Responding to financial analysts’ questions during UTC’s third-quarter earnings conference call on October 24, Hayes said that the terms of Boeing’s two Partnering For Success (PFS) programs aimed at getting vendors to reduce their costs sharply and agree to more onerous terms and conditions proved too unattractive for UTAS to want to bid at all for the 777X gear contract.
“The focus from the OEMs to reduce cost is never ever ending,” said Hayes. “We saw it with PFS 1. We’ve been talking to Boeing about PFS 2. And the fact is, we recognize we have to continue to take cost out of our product if we want to be competitive, and we've told both Boeing and Airbus we’ll continue to work with them to find ways to do that across all of the portfolio. But this is not going to end, right.
“The landing gear was a particularly difficult discussion,” he added. “We’ve been making the 777 landing gear for a very, very long time.
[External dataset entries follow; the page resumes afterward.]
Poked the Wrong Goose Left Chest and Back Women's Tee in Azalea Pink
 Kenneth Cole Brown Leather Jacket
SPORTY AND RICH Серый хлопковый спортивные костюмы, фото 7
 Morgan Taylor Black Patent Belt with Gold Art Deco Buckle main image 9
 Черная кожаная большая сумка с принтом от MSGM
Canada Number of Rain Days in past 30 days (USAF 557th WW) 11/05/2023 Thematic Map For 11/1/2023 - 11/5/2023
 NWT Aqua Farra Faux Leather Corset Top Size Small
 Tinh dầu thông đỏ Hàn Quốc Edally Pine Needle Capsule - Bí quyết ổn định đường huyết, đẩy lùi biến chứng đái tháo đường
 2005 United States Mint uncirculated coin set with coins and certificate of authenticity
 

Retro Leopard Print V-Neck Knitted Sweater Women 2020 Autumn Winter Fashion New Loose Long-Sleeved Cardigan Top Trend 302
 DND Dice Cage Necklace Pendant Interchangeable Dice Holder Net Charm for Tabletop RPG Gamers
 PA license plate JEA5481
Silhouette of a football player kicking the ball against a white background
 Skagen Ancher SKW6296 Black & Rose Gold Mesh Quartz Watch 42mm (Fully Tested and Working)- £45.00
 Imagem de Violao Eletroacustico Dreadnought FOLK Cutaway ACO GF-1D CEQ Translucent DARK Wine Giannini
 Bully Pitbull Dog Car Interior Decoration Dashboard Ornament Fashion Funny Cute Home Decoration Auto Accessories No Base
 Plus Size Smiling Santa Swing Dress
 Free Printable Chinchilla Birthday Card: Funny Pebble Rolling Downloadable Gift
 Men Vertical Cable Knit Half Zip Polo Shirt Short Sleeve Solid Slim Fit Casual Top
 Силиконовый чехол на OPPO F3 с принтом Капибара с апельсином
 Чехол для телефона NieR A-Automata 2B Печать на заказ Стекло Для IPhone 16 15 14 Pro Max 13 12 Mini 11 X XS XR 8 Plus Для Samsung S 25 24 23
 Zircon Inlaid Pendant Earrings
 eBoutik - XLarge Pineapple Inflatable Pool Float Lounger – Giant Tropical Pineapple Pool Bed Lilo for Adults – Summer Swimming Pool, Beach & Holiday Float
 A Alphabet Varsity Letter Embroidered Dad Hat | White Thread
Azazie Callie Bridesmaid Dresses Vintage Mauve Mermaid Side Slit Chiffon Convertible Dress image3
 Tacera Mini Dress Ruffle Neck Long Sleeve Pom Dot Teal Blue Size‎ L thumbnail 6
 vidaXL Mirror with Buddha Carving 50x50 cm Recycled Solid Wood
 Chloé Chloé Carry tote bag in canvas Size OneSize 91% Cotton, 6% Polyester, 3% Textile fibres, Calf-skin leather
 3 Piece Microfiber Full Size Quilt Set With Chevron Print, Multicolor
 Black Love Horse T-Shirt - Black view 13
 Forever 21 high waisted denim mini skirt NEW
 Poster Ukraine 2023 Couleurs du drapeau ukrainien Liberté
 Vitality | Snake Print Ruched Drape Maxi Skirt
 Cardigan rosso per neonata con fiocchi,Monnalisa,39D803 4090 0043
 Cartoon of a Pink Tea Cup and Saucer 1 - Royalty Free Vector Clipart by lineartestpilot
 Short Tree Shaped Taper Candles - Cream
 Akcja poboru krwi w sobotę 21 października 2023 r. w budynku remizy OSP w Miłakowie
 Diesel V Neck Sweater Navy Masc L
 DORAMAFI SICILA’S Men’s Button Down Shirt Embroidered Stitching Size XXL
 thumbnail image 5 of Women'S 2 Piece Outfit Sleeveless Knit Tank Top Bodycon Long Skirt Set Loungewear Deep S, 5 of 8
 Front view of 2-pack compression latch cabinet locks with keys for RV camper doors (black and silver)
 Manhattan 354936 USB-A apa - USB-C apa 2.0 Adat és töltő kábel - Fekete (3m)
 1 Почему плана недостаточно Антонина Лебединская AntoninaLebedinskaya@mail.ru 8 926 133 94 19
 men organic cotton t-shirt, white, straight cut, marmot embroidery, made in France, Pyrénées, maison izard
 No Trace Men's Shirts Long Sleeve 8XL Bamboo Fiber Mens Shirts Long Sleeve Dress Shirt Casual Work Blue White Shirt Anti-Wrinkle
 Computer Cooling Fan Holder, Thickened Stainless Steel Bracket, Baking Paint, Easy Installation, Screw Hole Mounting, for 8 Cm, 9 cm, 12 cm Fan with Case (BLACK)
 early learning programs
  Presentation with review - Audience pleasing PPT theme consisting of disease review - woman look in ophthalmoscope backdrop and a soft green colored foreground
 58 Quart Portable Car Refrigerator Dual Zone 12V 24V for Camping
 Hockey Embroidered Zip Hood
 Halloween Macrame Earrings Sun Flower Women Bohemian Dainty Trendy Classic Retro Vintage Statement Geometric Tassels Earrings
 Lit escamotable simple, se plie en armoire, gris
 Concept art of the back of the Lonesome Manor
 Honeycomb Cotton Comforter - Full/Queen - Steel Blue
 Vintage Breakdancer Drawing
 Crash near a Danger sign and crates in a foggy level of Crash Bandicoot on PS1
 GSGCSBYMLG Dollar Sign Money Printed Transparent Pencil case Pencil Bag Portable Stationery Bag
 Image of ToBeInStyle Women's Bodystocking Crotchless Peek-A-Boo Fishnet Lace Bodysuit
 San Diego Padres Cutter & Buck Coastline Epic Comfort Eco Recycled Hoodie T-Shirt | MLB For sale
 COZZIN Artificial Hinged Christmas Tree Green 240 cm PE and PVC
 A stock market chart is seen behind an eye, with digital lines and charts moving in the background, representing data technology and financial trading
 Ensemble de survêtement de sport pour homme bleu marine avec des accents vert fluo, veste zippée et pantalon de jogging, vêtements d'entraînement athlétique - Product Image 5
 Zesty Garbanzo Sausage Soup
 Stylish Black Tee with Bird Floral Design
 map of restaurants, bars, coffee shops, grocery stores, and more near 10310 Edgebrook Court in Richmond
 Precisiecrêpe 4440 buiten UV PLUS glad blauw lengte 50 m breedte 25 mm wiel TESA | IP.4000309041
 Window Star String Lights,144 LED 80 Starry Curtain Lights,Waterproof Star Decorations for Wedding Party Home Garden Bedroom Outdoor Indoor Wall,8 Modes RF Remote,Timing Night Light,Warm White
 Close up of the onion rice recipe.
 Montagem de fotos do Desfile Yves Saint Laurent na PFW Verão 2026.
Boeing asked for a large price reduction, which we could not accommodate, which would have ended up us losing money on a product with no aftermarket.”
Hayes disagreed with an analyst who asserted Boeing doesn’t like the forthcoming merger between UTAS and Rockwell Collins because the airframer might not see any benefits from the new combination and questioned whether Boeing saw any from the previous merger between UTC subsidiary Hamilton Sundstrand and Goodrich to create UTAS.
“PFS 1…was a significant concession on the part of our Aerospace Systems business to take cost out, to reduce the cost to Boeing on the 787,” said Hayes. “And it was a big bite at the apple, I would tell you. And we have been working, as you know, to try and cover some of those costs. The problem at UTAS today of course is, we don't make any money on any product that we sell to the Boeing Company. None. In fact, we lose money.
“I would tell you, Boeing got a benefit from the acquisition,” insisted Hayes. “And look, we’re six to nine to 12 months away from closing on the Rockwell Collins deal, so I can't comment specifically on where the savings will come from…But one of the things that we’re going to commit to the airlines and to the airframers is, we will provide value to you guys because of this.”
The Last Inspector
October 28, 2017 - 11:59pm
This Boeing PFS system is yet another way Boeing ensures suppliers cut corners on QA, so they can maybe eke out a profit on their Boeing contracts. Another method is Boeing intentionally not auditing these suppliers' QA systems as they are required to by the FAA. This relentless cost pressure by Boeing as Boeing's obvious carelessness about fulfilling any FAA requirements such as supplier audits ensures that Boeing's suppliers' QA systems are just as corrupt as Boeing's own system. I've worked both at Boeing and some of their suppliers as an inspector, and the rollerstamping and other fraud in QA systems at both is just as rampant. QA fraud is a key way that Boeing further cuts costs to its bottom line in order to pump up management's stock option values. It has succeeded in pumping up the stock value over ten times what it is worth, but how many more people will die in Boeing plane crashes because of this fraud is unknowable. Protect yourself. Never fly Boeing.